## [Work required]
Copy exactly the lines from the beginning of the data down to and including the line holding "1018 45th St NE, Washington, DC 20019", without any pictures.

Caption-style text data:

####################

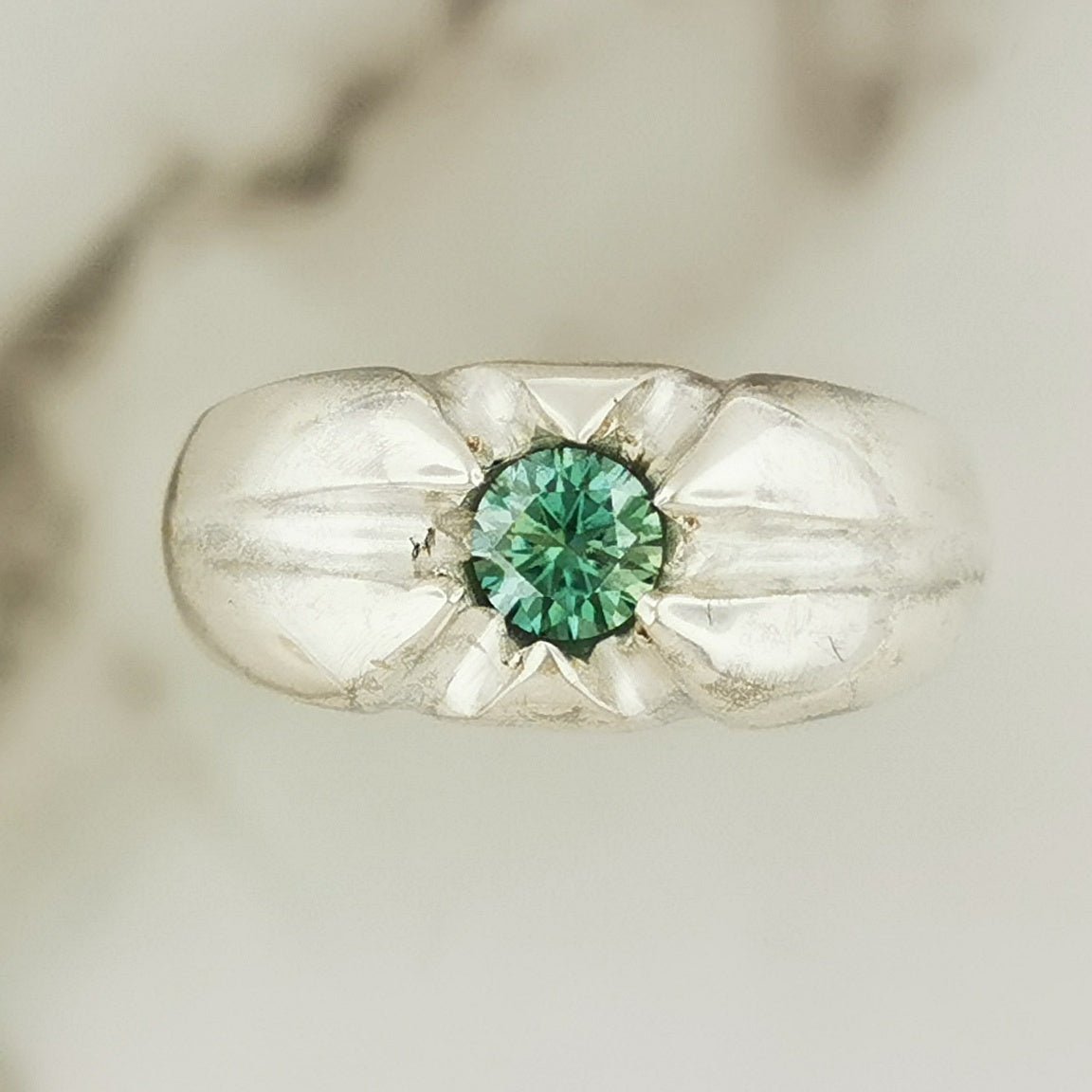 Men’s classic 6-prong gemstone ring in solid .925 sterling silver by Le Dragon Argenté – elegant handcrafted statement ring with customizable gemstone choice, perfect for gothic, fantasy, or artisan jewellery lovers.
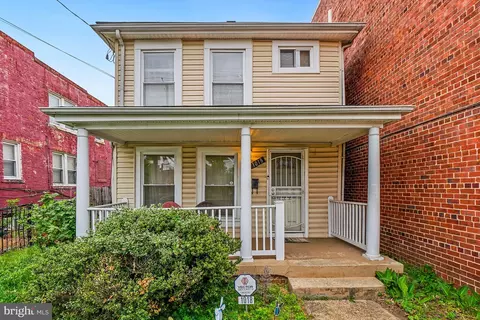 1018 45th St NE, Washington, DC 20019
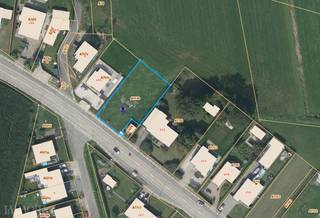 Prachtig perceel bouwgrond met een ideale bouwbreedte en een weids, open uitzicht over de Netevallei.Deze grond is uiterst gunstig gelegen, op...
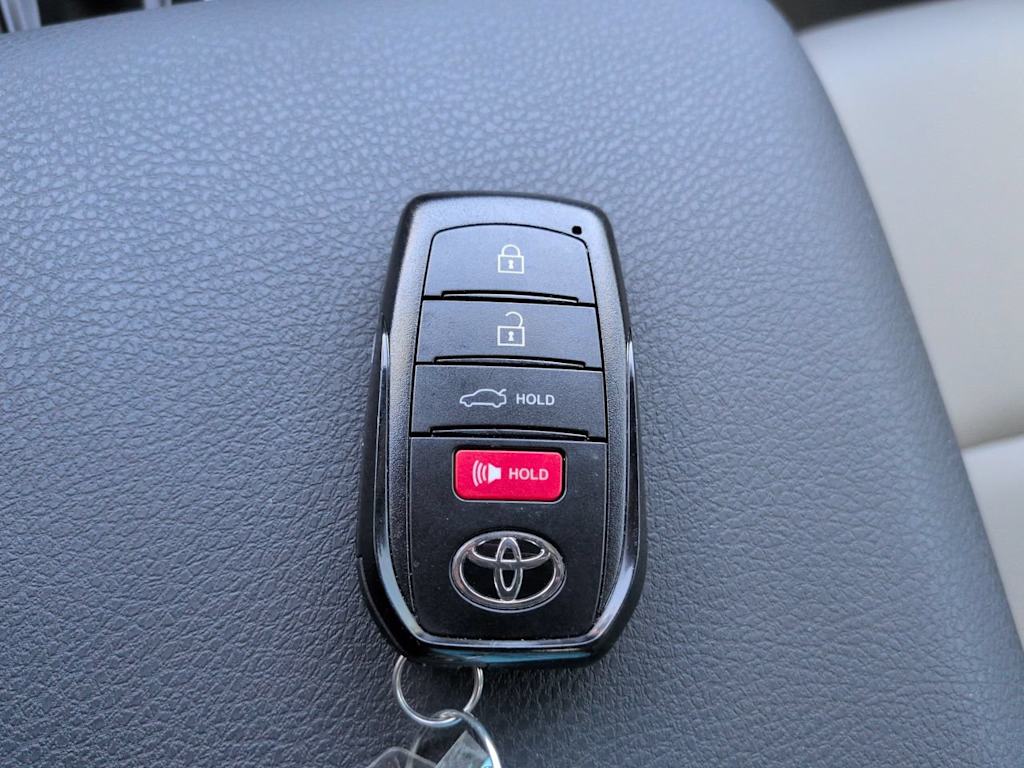 Thumbnail: 2026 Toyota Camry - 15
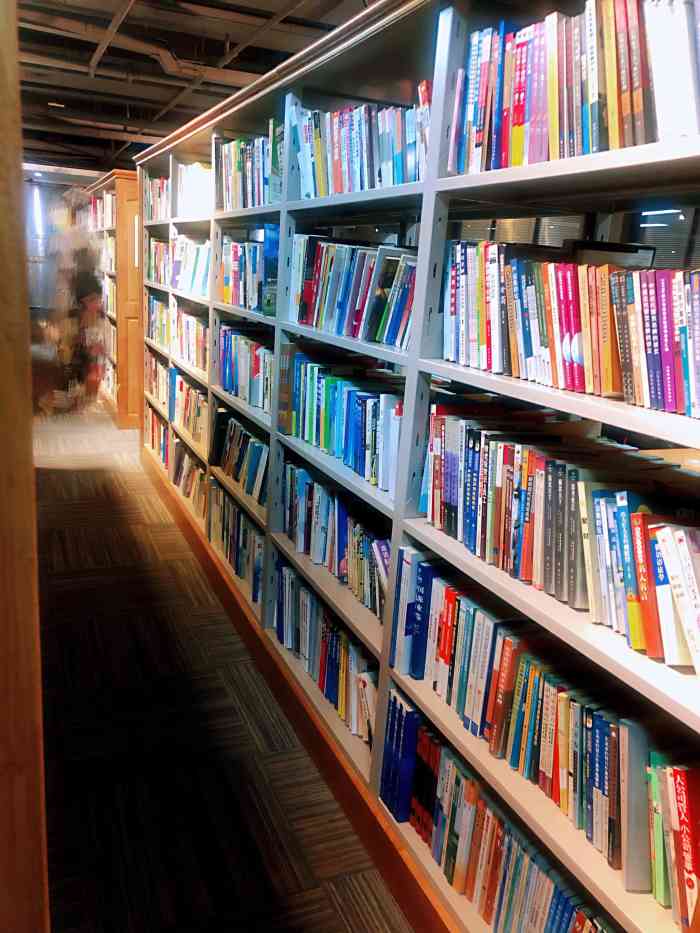 回民区图书馆-"本来挺好的地方让那几个保安和根本不会小声.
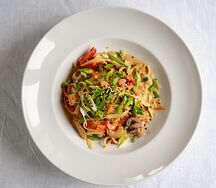 Wok с морепродуктами и овощами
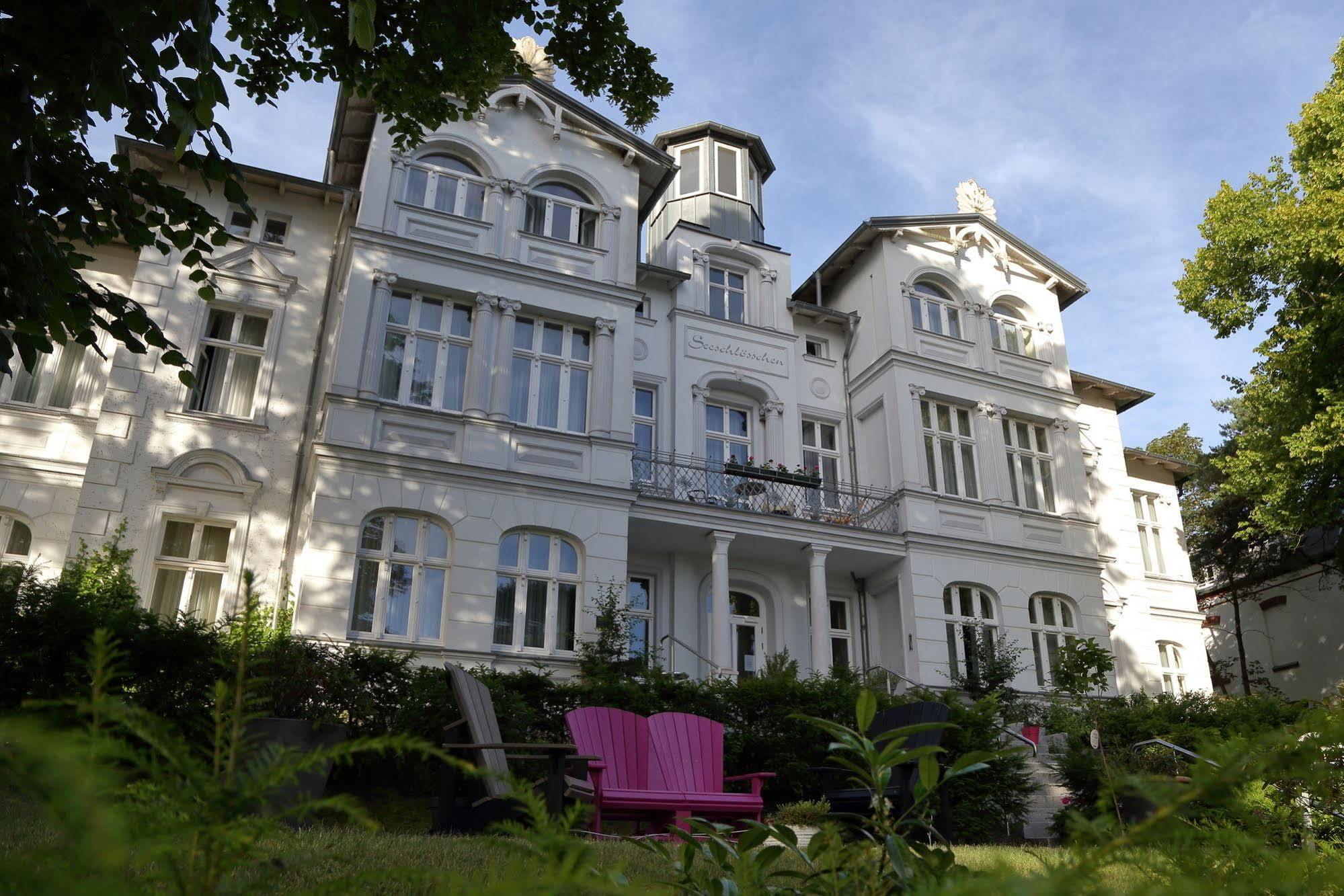 Aparthotel Seeschloesschen Zinnowitz Buitenkant foto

####################

## [Solution to this problem]
 Men’s classic 6-prong gemstone ring in solid .925 sterling silver by Le Dragon Argenté – elegant handcrafted statement ring with customizable gemstone choice, perfect for gothic, fantasy, or artisan jewellery lovers.
 1018 45th St NE, Washington, DC 20019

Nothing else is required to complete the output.